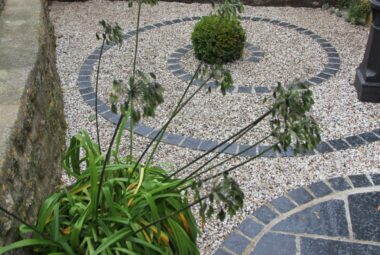 Snail pattern made from paving slabs in small garden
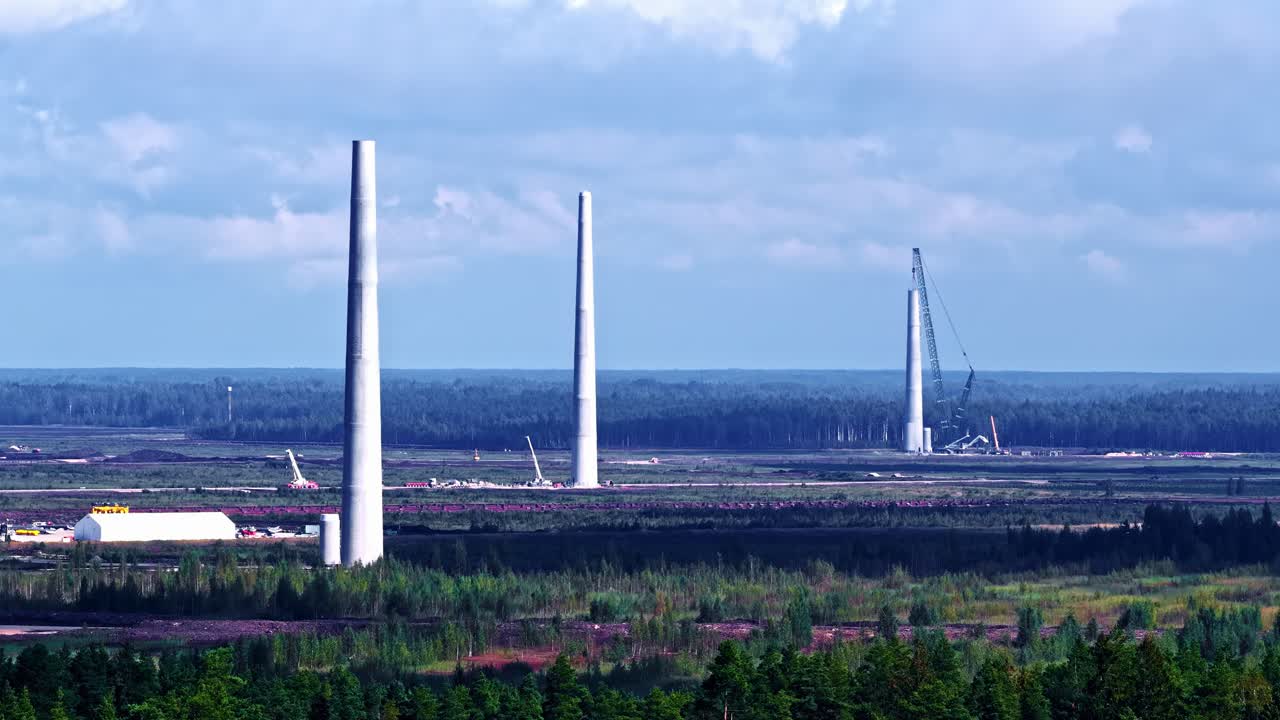 Forest with wind turbines, showing nature and renewable energy concept
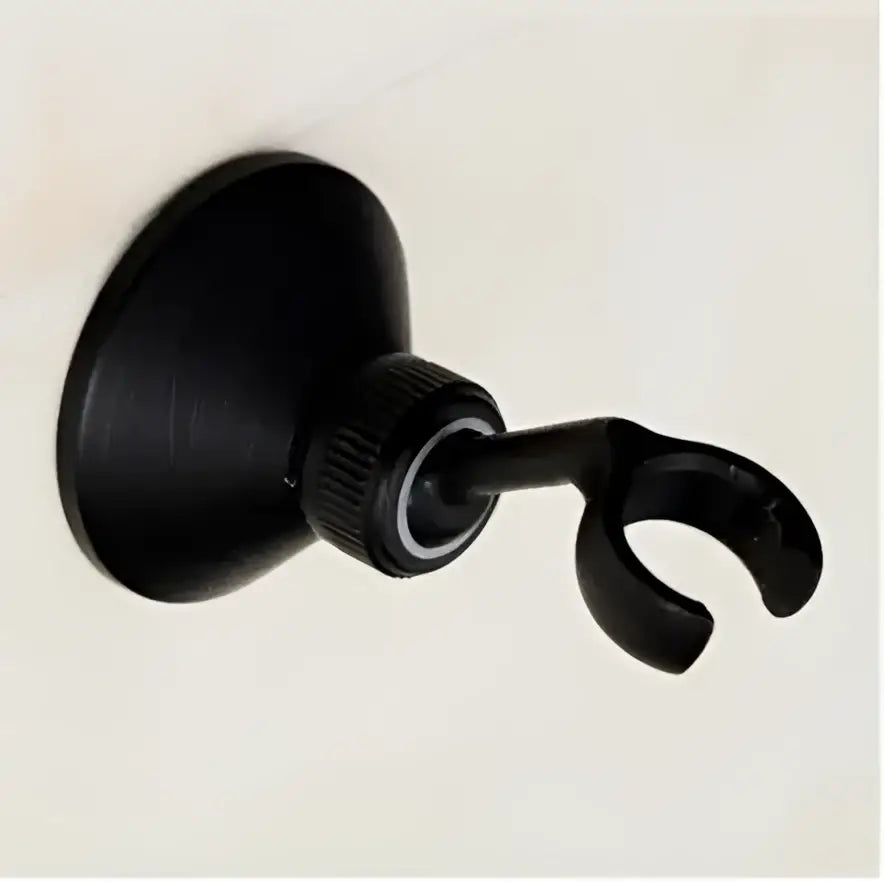Black matte-finished suction cup shower head holder with curved hook for secure bathroom mounting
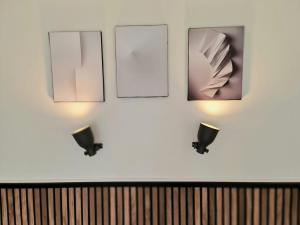 two lights on a white wall with pictures at Lazy Olives in Tongeren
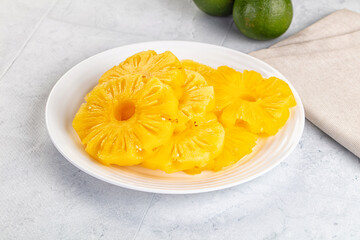 Sweet canned pineapple slices in syrope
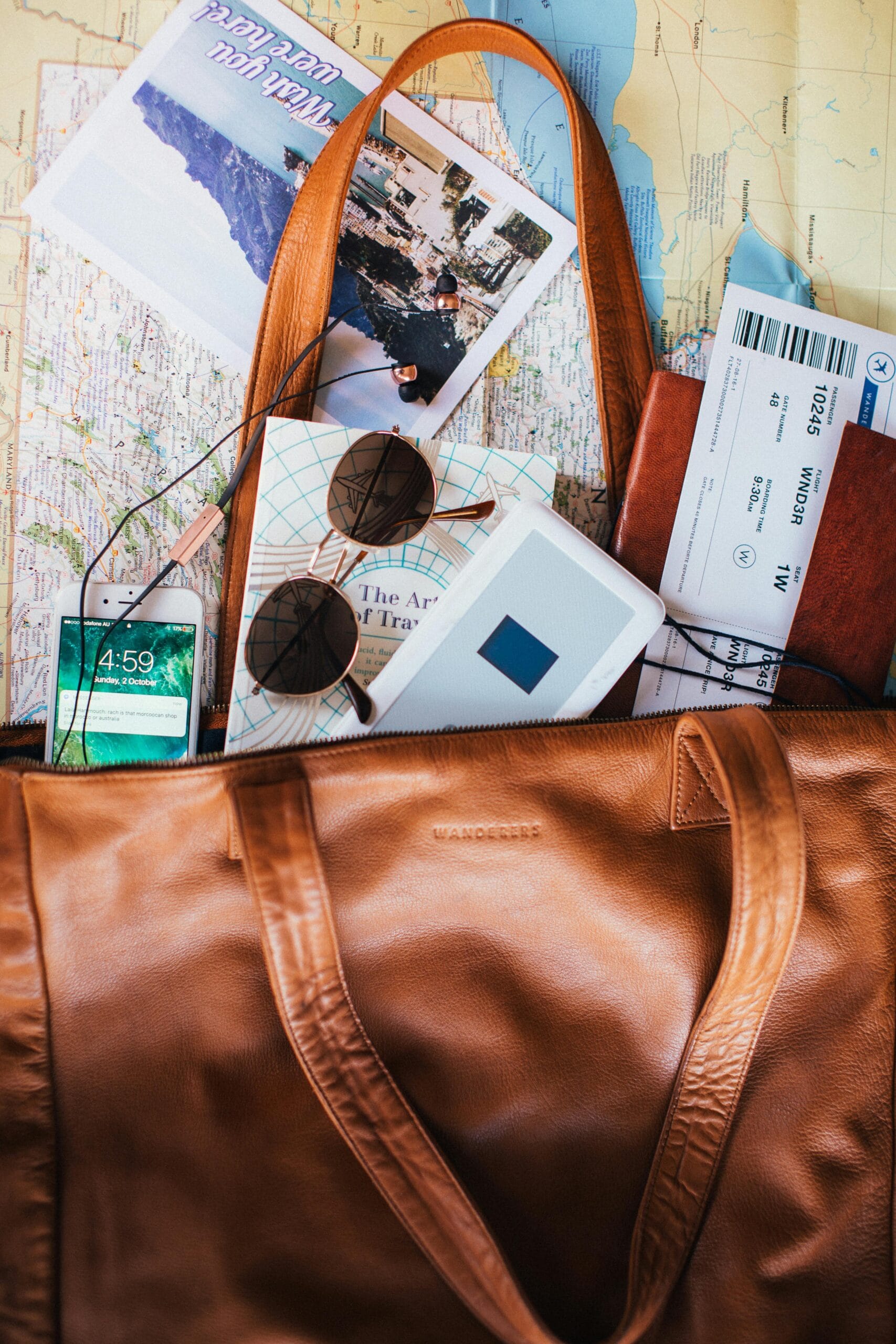 Safari Packing Guide for Your Trip 1 Flat lay of travel essentials including a leather bag, map, sunglasses, and tickets.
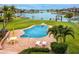 Enjoy the in-ground pool, waterfront views, and an outdoor seating area in this backyard at 224 Harbor View Ln, Largo, FL 33770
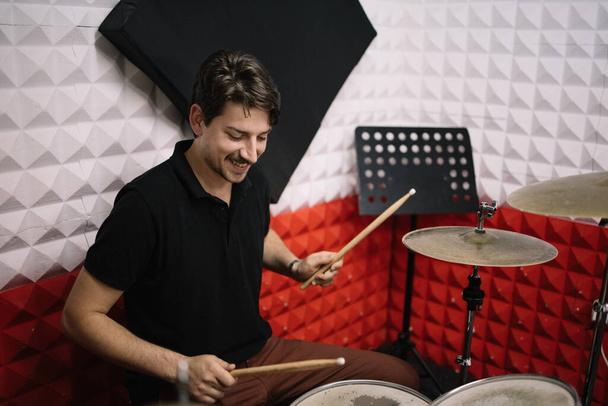 Young attractive man drummer playing drums and cymbals - Foto, Imagen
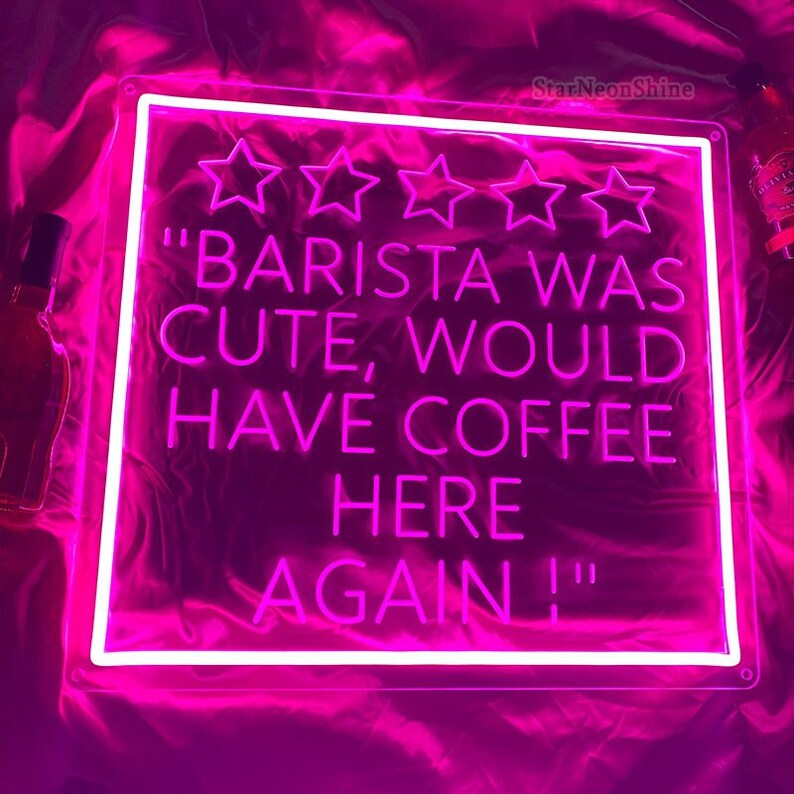 May include: Pink neon sign with white lettering that reads "BARISTA WAS CUTE, WOULD HAVE COFFEE HERE AGAIN!" with five white stars above the text.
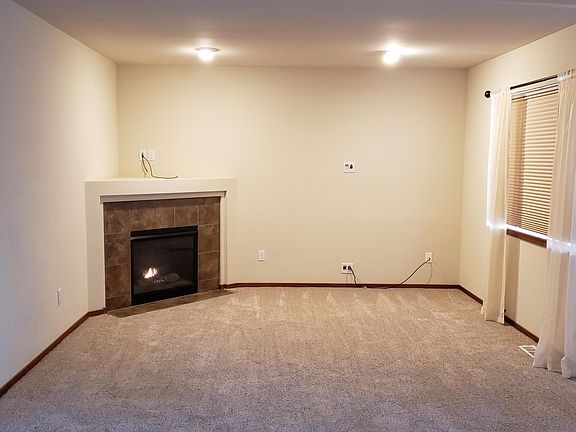 Living Room w/ Gas Fireplace and New Stain Master type carpet Thru out 1st Floor and Stairs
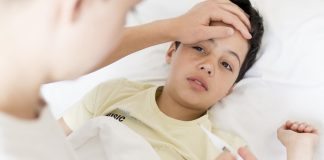Adulto apoia mão na testa de menino e olha para termômetro na outra mão; Surto de gripe em SP: crescem casos em crianças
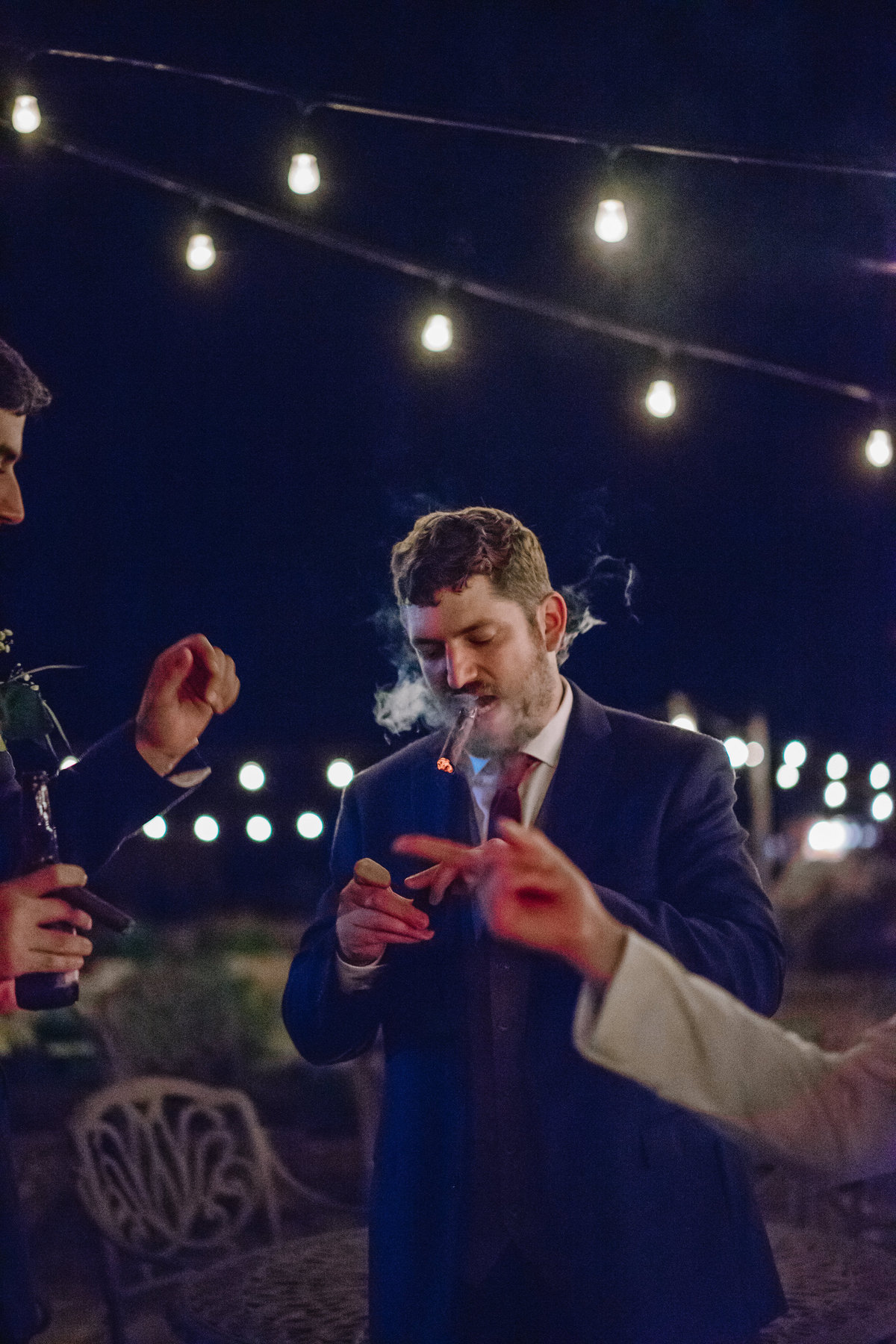 groom smoking a cigar during reception at Welfare Cafe wedding venue in the Texas Hill Country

-.-.-

Using the data above, output the line that has "Sweet canned pineapple slices in syrope", the line that has "Young attractive man", and whatever lines fall between, each exactly as it stands and without pictures.

 Sweet canned pineapple slices in syrope
 Safari Packing Guide for Your Trip 1 Flat lay of travel essentials including a leather bag, map, sunglasses, and tickets.
 Enjoy the in-ground pool, waterfront views, and an outdoor seating area in this backyard at 224 Harbor View Ln, Largo, FL 33770
 Young attractive man drummer playing drums and cymbals - Foto, Imagen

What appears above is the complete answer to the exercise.